Look through the data below and extract, unchanged, the lines from the one that contains "adorable mini Aussie" to the one that contains "Cow skull in the sand", both included.

[Recorded data]
=== Begin Enclosure ===

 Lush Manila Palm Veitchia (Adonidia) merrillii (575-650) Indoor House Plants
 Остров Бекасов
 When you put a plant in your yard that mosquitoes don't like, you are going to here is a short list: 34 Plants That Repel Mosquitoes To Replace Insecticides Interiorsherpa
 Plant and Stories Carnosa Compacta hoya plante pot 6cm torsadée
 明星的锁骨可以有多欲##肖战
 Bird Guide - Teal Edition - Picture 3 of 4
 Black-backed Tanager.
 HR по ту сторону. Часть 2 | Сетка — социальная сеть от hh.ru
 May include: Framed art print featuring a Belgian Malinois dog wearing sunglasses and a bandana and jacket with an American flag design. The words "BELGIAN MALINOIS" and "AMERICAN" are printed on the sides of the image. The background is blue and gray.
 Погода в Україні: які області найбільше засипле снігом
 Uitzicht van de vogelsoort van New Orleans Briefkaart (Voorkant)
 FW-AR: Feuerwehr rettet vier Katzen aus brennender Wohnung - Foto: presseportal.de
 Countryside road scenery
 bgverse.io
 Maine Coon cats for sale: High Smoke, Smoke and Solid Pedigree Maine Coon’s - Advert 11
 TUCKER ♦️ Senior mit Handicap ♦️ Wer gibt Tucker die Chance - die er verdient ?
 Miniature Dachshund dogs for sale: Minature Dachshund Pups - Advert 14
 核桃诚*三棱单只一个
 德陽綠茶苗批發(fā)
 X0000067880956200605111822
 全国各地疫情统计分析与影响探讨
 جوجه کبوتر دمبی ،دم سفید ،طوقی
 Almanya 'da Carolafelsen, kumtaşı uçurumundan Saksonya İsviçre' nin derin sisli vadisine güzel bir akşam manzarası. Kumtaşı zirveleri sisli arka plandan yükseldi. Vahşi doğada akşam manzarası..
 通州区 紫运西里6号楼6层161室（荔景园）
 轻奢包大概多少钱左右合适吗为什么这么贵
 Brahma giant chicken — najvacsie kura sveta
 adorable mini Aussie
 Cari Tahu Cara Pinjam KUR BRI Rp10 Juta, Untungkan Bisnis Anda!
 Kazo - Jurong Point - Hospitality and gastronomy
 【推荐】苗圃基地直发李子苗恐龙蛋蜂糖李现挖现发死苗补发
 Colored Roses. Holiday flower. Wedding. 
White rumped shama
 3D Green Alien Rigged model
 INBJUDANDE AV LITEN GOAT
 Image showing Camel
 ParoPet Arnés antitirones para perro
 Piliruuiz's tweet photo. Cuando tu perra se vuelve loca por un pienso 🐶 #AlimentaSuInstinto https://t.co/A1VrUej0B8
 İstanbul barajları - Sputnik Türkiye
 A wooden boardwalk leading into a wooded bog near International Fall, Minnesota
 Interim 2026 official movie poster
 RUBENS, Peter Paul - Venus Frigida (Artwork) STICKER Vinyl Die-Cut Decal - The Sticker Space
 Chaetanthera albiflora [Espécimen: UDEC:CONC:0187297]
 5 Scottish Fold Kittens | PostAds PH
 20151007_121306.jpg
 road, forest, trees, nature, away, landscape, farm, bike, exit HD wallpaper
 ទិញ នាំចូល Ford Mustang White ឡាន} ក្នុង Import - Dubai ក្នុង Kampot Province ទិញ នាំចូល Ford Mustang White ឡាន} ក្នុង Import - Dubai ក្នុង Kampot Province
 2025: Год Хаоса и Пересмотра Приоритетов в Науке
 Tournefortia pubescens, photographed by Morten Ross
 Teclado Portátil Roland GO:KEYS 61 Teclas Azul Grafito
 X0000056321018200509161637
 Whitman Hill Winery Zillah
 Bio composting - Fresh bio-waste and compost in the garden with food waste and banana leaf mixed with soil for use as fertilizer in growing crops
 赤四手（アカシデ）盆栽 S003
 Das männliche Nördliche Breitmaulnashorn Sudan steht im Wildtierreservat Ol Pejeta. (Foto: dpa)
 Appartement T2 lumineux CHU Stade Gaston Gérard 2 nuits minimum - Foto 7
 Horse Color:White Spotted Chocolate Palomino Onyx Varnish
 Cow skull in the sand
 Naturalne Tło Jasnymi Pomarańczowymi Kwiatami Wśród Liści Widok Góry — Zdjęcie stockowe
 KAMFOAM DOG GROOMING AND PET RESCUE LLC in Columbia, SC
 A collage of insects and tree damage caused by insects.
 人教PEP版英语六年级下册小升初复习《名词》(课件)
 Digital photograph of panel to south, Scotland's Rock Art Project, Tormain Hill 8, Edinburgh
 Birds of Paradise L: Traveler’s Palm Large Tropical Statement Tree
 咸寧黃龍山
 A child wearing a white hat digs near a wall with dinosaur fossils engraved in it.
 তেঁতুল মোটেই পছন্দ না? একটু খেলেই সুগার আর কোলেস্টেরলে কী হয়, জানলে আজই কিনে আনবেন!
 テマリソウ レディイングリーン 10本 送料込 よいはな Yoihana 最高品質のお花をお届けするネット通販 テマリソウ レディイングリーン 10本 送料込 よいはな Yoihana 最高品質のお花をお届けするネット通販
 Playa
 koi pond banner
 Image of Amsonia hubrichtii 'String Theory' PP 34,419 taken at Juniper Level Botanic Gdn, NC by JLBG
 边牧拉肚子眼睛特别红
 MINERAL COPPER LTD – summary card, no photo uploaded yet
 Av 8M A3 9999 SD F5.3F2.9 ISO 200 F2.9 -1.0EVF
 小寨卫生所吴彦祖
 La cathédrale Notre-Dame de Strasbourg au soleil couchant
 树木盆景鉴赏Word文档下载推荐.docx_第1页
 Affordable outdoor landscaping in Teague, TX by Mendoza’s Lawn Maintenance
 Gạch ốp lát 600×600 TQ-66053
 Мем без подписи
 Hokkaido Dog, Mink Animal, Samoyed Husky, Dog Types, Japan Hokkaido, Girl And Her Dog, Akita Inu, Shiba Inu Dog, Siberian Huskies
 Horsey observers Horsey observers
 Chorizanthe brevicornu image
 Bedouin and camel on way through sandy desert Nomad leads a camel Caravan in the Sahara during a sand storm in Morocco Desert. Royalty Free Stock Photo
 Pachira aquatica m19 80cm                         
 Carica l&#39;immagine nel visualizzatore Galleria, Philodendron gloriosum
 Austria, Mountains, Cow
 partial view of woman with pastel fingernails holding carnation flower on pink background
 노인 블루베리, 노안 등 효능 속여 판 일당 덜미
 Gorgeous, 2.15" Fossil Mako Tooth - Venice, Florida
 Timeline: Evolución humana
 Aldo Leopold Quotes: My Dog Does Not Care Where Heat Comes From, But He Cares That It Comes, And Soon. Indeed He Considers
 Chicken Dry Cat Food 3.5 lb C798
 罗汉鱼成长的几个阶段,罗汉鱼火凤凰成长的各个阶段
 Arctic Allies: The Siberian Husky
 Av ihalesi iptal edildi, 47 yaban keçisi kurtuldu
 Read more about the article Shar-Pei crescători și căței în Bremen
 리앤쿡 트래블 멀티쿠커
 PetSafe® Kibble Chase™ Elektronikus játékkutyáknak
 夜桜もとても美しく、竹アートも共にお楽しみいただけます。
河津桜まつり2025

=== End Enclosure ===

__Answer for the task__
 adorable mini Aussie
 Cari Tahu Cara Pinjam KUR BRI Rp10 Juta, Untungkan Bisnis Anda!
 Kazo - Jurong Point - Hospitality and gastronomy
 【推荐】苗圃基地直发李子苗恐龙蛋蜂糖李现挖现发死苗补发
 Colored Roses. Holiday flower. Wedding. 
White rumped shama
 3D Green Alien Rigged model
 INBJUDANDE AV LITEN GOAT
 Image showing Camel
 ParoPet Arnés antitirones para perro
 Piliruuiz's tweet photo. Cuando tu perra se vuelve loca por un pienso 🐶 #AlimentaSuInstinto https://t.co/A1VrUej0B8
 İstanbul barajları - Sputnik Türkiye
 A wooden boardwalk leading into a wooded bog near International Fall, Minnesota
 Interim 2026 official movie poster
 RUBENS, Peter Paul - Venus Frigida (Artwork) STICKER Vinyl Die-Cut Decal - The Sticker Space
 Chaetanthera albiflora [Espécimen: UDEC:CONC:0187297]
 5 Scottish Fold Kittens | PostAds PH
 20151007_121306.jpg
 road, forest, trees, nature, away, landscape, farm, bike, exit HD wallpaper
 ទិញ នាំចូល Ford Mustang White ឡាន} ក្នុង Import - Dubai ក្នុង Kampot Province ទិញ នាំចូល Ford Mustang White ឡាន} ក្នុង Import - Dubai ក្នុង Kampot Province
 2025: Год Хаоса и Пересмотра Приоритетов в Науке
 Tournefortia pubescens, photographed by Morten Ross
 Teclado Portátil Roland GO:KEYS 61 Teclas Azul Grafito
 X0000056321018200509161637
 Whitman Hill Winery Zillah
 Bio composting - Fresh bio-waste and compost in the garden with food waste and banana leaf mixed with soil for use as fertilizer in growing crops
 赤四手（アカシデ）盆栽 S003
 Das männliche Nördliche Breitmaulnashorn Sudan steht im Wildtierreservat Ol Pejeta. (Foto: dpa)
 Appartement T2 lumineux CHU Stade Gaston Gérard 2 nuits minimum - Foto 7
 Horse Color:White Spotted Chocolate Palomino Onyx Varnish
 Cow skull in the sand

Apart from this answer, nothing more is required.